Calor é fogo que arde sem se ver

É ferida que seca e cria casca

É um descontentamento insistente, incômodo e inconveniente

11.4.09

Pregação

Martelam as mesmas idéias sem parar

Até que seja mais cômodo deixar do que tentar tirar

10.4.09

Eufemismo

No velório, todos diziam que ele era um homem muito justo

Era a maneira menos ofensiva de dizer que era cego, indiferente aos que o carregaram em vida e que agora choravam sobre o caixão

8.4.09

Retrógrados

Há muito tempo, os incomodados gritavam pelas ruas, revoltados, para mostrar que não eram gado

Atualmente, os acomodados ficam em silêncio, desesperados, pela ameaça de ficar sem pasto

7.4.09

Praça da impotência

A justiça, cega, fica sentada no meio da praça


Enquanto a impunidade corre em volta, gritando, zombando da pobre coitada

6.4.09

De graça

Um dia, por castigo ou azar, pagou caro

Ao reclamar, ofereceram o troco em bala

Calou-se

Nunca mais comprou briga

5.4.09

Desbocados

Por um bom tempo, ficaram batendo boca

Demoraram a descobrir o prazer,
a sutileza de apenas encostá-las

4.4.09

Olhar perdido

As crianças, com olhar atento ao mundo em volta, encontram pessoas, folhas, nuvens e pássaros.

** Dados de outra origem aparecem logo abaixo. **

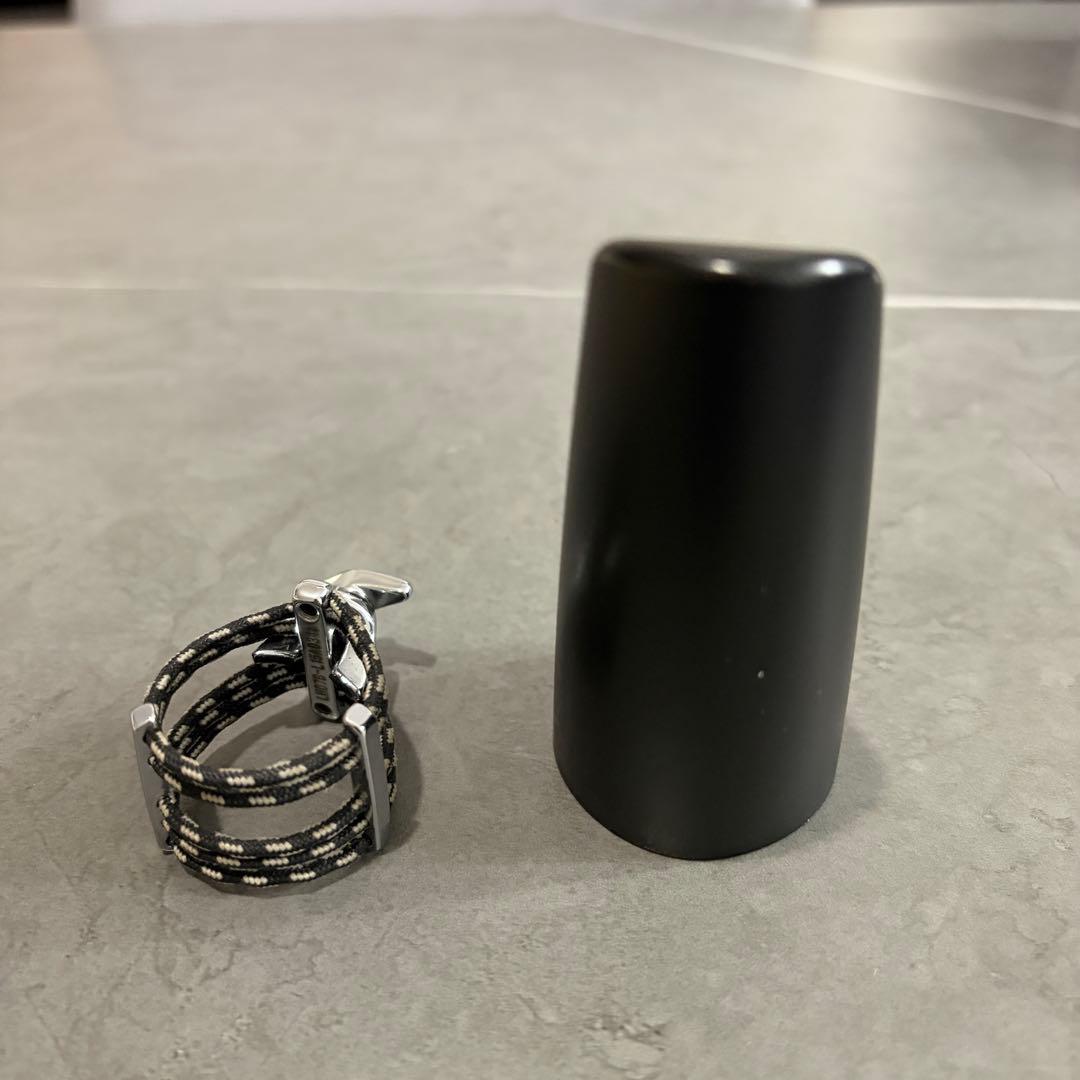 シルバースタイン　サックス/ B♭クラ リガチャー LH07B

Mas os pais apressados, de tanto as puxarem pelas mãos, acabam por fazê-las perder aquele olhar, tão difícil de encontrar.

3.4.09

Conservação do patrimônio

Não havia dúvida, era a maior obra já realizada. Iniciada nos primórdios da civilização, ergueu-se a passos largos e continua ampliando-se. Atualmente, já incorporou-se aos costumes e ao dia-a-dia de todo o mundo. De tão importante, frequentemente ocupa as páginas de jornais de todos os cantos. Além disso, recebe investimentos de diversos países e empresas interessados em garantir a sua manutenção.

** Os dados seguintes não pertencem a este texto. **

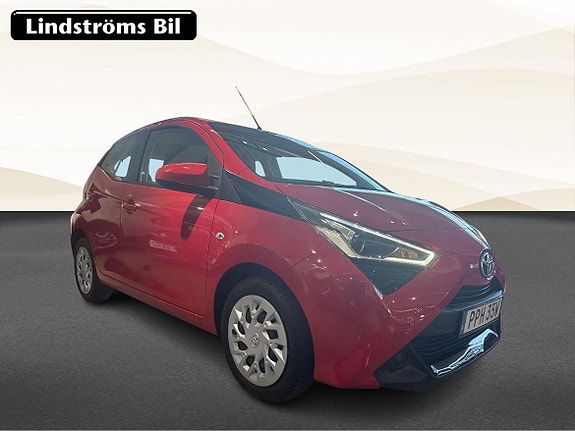 Toyota Aygo 3 of 19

Por todos estes motivos, a desigualdade social foi tombada pelo patrimônio histórico e cultural, herança da desumanidade.

2.4.09

1.4.09

Castas

Em algumas sociedades, não há oportunidade, aos menos favorecidos, de mobilidade em ascenção.

No Brasil, além dos programas de TV, toda quarta e sábado tem sorteio da loteria.